Charles Arthur’s new predictions (updated 31st Dec)

Charles Arthur has just published a new article outlining his predictions for the tech scene in 2005. One thing I noticed was the prediction that

“Comment spam” on blogs will threaten to strangle discussion there, as it has on the Usenet newsgroups.

(Update 31st Dec: CA has just blogged about this here, again linking to the predictions in the Independent. There are also some comments.)

I’m sort of hopeful that this won’t happen in precisely the way it did on Usenet, because blogs don’t have the politics which affected Usenet. A blog belongs to the person, or people, who put it up. As a blog owner, I am entitled to delete comments from my blog as I please. This may be because they are spam, or they are inappropriate, or obscene, or I just don’t like the person, or whatever. With some blogging applications (like Geeklog, Drupal, Slash and Scoop) you can require people to register before they can comment.

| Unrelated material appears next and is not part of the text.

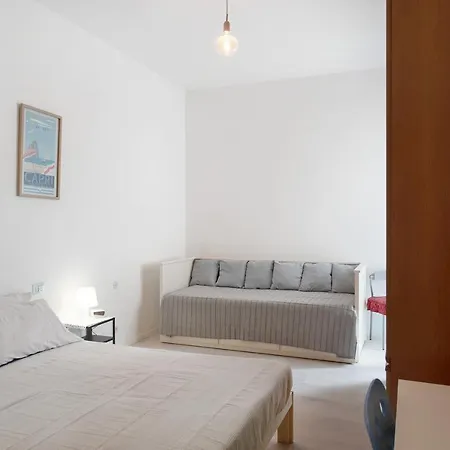 Casa Terrace And Parking Apartament Cogoleto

This is very far from the case on Usenet. The criterion by which it is decided that posts on Usenet may be cancelled is the “Breidbart Index”. You arrive at this by taking the number of newsgroups each copy is posted to, square-rooting each, and adding the square roots up. Thus, a group of twenty posts, each sent to one group, will hit the required 20 mark, while a single post sent to 20 groups will only hit 4.472, which takes into account the fact that multiple posts take up far more net bandwidth than cross-posting. Certain types of posts were deemed “cancel-on-sight”, notably the infamous get-rich-quick pyramid scheme. There were considerable objections, although a lot of this came from people who were miffed that their posts had been cancelled. There was also massive abuse of the cancel mechanism, notably on two occasions in 1996 when posts were cancelled in large numbers on racial or other special interest grounds. This wasn’t the work of racists, but of people trying to demonstrate the “objectionability” of cancelling other people’s posts.

One awful result of the Usenet spam problem was the destruction of the newsgroup alt.sexual.abuse.recovery (ASAR). Much of the spam was advertising for pornography using very explicit terms, which was posted to any group beginning with “alt.sex” – notably, not “alt.sex.” which would have taken ASAR out of the frame. This led to a mass exodus from the group who were unable to stand seeing this sort of filth. I was able to construct cancel messages for the sex ads which reached me in Aberystwyth, when they reached me, but when I mentioned this in the spam-cancel establishment newsgroup, I recieved criticism for “rogue cancelling”, which they feared would endanger the entire spam-cancel system. In the end, ASAR moved to a new moderated newsgroup, but I suspect much of its readership can now be found on a moderated web forum somewhere; like blogs, such forums are much less easy to spam, and much easier to police.